Bill Fulton is one of my new heroes. Bill is an elderly man who doesn’t act like one. He joined Christ Church several months ago and immediately starting bringing friends from his apartment complex and local library, believers and non-believers alike. He reads great books, good theology, sends me interesting articles and photocopied pages of his latest reading and occasionally shows up with a piece of chocolate for my wife, Christine. Last week I overheard her giving him some direction for how to serve with our hospitality ministry. I want to be like Bill when I grow up!

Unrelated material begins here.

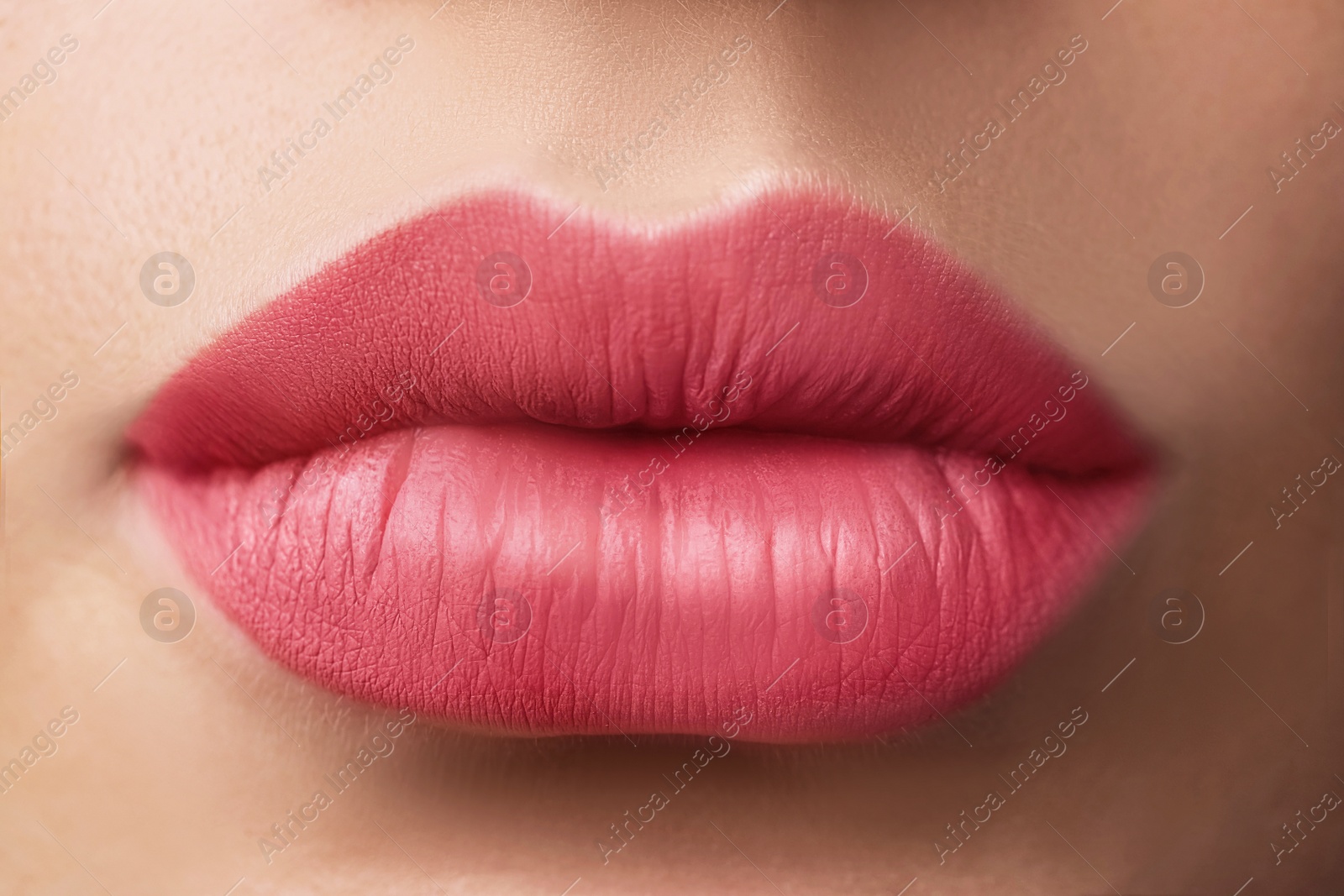 Image of Woman with beautiful perfect lips after permanent makeup procedure, closeup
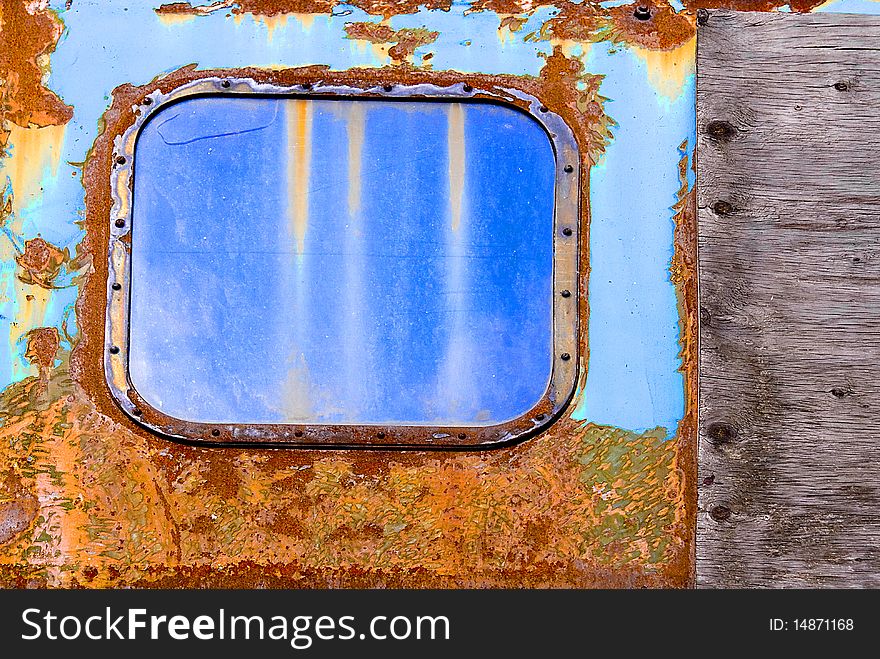 Colorful rust structures and a small window of an old steam engine. Colorful rust structures and a small window of an old steam engine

One of the pages of Bill’s recent readings that I received in the mail is from a theologian named Geerhardus Vos, in a collection of his sermons called “Grace and Glory.” The selection has to do with the beauty and power of observing the church calendar. As we enter Holy Week and then the Easter season, this is a good reminder of what’s going on. Or, as Bill’s handwritten note on the photocopied pages puts it, “A fine argument for the church year, I thought.”
Here’s the quote:
“If the observance by the church of special seasons associated with the great epochs on the work of redemption is to be justified at all, it can be justified on no higher ground than that such seasons as Christmas and Easter and Pentecost invite us to rise for a moment from the poor fragmentariness of our average consciousness of salvation to that clearer and more blessed vision whereby, as from a mountaintop, we span the entire origin of our faith. Everything belongs to us of right because we are Christ’s and Christ is God’s; but we are consciously rich only in so far as we learn to place ourselves at least sometimes on those points of elevation from which we may survey the land of God’s promises as a whole. Perhaps we do not sufficiently appreciate the extent to which the remembrance at stated seasons of these great facts of the incarnation, the atonement, the resurrection, the gift of the Spirit, has kept alive in the church the spirit of true evangelical piety. I am sure we shall not have meditated upon the words in vain if our meditation leads us to realize in some greater measure how entirely our holy religion stands or fall with the resurrection of Christ.”